Best interests of children – additional considerations

  1. Historically, the father was a heavy user of cannabis and liquor. Throughout the parties’ cohabitation the father went out to socialise and consume alcohol about three to four times each week[23] and he used cannabis on a daily basis.[24]

    [23] Mother’s first affidavit, paras 8-9

    [24] Mother’s first affidavit, paras 10-12

  2. Several years have now elapsed since the parties’ separation. While the mother is plainly unable to depose to the father’s use of alcohol and drugs since their separation, there is no evidence the father has changed his habits about the frequency of his intoxication.

  3. The children are reluctant to interact with the father and are apprehensive they will be abducted by him.[25]

    [25] Mother’s first affidavit, paras 71-72

  4. The father has perpetuated his absence from the children’s lives for a protracted period, now approximating 18 months in duration.

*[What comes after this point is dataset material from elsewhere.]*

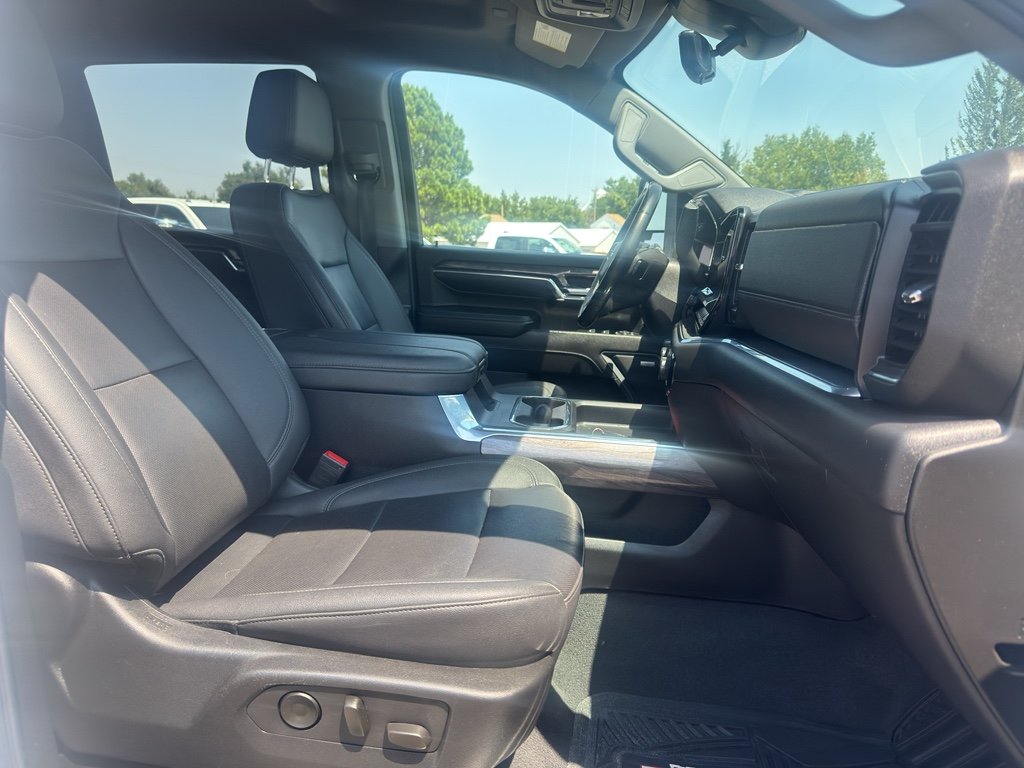 Used 2024 Summit White Chevrolet LTZ image 18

Apart from spasmodic contact with the mother, which is habitually intemperate, he has disengaged from the children’s lives. He has not participated, nor sought to participate, in any significant decision affecting their lives. He has effectively surrendered parental responsibility to the mother. There is no evidence of his current or past financial contribution to their support.

  5. The orders proposed by the mother will effectively formalise the parenting regime which has been in place since December 2011. Clearly, in view of the father’s voluntary withdrawal from the children’s lives and his abstention from participation in these proceedings, continuation of that regime is the outcome least likely to lead to the institution of further proceedings in respect of the children.

  6. Other than as already addressed, no evidence was adduced and no submission was made by the mother in respect of any other factor prescribed under s 60CC(3) of the Act.

Conclusions and Orders

  1. The evidence of acute family violence means the presumption of equal shared parental responsibility does not apply (s 61DA(2)).

  2. The mother’s fear of the father, borne of her past unfavourable experiences with him, renders it impractical for her to share parental responsibility for the children with the father. She could not, and should not be expected to, consult with the father over matters of long-term importance to the children. Even if she was willing and able to do so it is impractical to expect it of her. The father apparently has no interest in participating in decisions of long-term importance to the children, and in any event, even if he was interested the mother is precluded from conferring with him because his whereabouts are unknown.

  3. The only viable option is for the mother to have sole parental responsibility and for the children to live with her.

  4. The risk of harm posed to the children by the father is too pronounced to presently permit their interaction with him. That consideration outweighs the desirability of their re-engagement with the father in the hope of them deriving benefit from meaningful relationships with him.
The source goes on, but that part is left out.